(Material to process Opens)

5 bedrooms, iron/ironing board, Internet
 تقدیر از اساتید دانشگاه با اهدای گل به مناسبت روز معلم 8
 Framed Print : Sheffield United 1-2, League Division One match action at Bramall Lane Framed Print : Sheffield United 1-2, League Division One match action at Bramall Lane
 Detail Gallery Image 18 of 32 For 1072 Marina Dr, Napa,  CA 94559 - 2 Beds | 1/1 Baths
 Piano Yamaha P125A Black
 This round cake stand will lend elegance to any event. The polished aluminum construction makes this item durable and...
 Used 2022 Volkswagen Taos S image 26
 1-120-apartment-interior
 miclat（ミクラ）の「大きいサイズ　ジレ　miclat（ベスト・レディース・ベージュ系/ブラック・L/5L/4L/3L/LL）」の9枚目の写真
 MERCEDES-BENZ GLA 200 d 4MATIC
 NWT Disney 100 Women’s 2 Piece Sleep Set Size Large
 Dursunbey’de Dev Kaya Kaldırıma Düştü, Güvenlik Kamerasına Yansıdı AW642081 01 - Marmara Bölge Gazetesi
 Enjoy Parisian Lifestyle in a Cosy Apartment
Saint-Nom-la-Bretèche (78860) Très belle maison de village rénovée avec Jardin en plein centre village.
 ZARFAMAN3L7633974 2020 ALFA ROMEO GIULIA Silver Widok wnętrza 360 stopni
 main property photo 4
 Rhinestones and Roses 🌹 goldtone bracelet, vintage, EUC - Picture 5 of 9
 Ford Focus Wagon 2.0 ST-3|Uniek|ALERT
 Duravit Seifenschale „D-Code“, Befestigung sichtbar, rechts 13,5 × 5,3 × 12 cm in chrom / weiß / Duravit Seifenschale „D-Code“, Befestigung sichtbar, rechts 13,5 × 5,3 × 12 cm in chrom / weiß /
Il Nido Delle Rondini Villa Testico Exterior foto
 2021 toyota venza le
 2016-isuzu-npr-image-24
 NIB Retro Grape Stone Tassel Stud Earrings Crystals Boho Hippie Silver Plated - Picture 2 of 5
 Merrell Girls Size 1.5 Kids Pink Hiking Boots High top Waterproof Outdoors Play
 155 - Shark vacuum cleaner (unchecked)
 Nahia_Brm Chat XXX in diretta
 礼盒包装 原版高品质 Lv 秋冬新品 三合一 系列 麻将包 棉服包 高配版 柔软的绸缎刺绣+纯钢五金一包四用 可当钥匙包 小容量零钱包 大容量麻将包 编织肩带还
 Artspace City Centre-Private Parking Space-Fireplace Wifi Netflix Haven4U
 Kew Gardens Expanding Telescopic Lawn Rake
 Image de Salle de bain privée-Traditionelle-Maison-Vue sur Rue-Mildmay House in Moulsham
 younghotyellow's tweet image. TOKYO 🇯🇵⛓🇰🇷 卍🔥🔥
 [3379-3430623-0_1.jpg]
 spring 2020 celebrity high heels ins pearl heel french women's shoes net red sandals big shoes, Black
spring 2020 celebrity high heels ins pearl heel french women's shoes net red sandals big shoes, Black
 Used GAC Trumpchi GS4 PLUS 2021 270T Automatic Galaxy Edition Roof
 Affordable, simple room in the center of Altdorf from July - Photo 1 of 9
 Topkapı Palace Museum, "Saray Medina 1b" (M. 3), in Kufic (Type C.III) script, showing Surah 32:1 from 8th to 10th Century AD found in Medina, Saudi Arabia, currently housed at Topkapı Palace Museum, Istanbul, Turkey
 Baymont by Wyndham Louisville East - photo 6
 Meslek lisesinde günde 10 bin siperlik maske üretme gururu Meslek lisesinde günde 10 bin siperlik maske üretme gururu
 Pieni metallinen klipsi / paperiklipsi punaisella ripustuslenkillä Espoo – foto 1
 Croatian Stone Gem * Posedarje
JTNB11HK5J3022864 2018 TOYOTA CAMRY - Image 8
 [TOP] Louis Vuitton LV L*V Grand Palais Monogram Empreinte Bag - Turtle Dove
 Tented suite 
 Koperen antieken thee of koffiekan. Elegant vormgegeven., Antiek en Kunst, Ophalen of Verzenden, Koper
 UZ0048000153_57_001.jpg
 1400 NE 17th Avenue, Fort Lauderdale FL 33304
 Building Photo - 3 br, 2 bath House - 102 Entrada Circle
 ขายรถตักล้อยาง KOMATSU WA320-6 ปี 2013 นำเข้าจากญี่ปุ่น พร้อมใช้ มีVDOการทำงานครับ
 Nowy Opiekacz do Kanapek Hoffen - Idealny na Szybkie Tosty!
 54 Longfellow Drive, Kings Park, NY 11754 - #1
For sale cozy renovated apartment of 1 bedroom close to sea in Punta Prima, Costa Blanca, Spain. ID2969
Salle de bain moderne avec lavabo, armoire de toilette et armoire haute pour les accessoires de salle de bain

(Material to process Closes)

Using the entries shown above, reproduce verbatim the lines from the line bearing "Merrell Girls Size" to the line bearing "younghotyellow's tweet image.", inclusive.

**Response:**
 Merrell Girls Size 1.5 Kids Pink Hiking Boots High top Waterproof Outdoors Play
 155 - Shark vacuum cleaner (unchecked)
 Nahia_Brm Chat XXX in diretta
 礼盒包装 原版高品质 Lv 秋冬新品 三合一 系列 麻将包 棉服包 高配版 柔软的绸缎刺绣+纯钢五金一包四用 可当钥匙包 小容量零钱包 大容量麻将包 编织肩带还
 Artspace City Centre-Private Parking Space-Fireplace Wifi Netflix Haven4U
 Kew Gardens Expanding Telescopic Lawn Rake
 Image de Salle de bain privée-Traditionelle-Maison-Vue sur Rue-Mildmay House in Moulsham
 younghotyellow's tweet image. TOKYO 🇯🇵⛓🇰🇷 卍🔥🔥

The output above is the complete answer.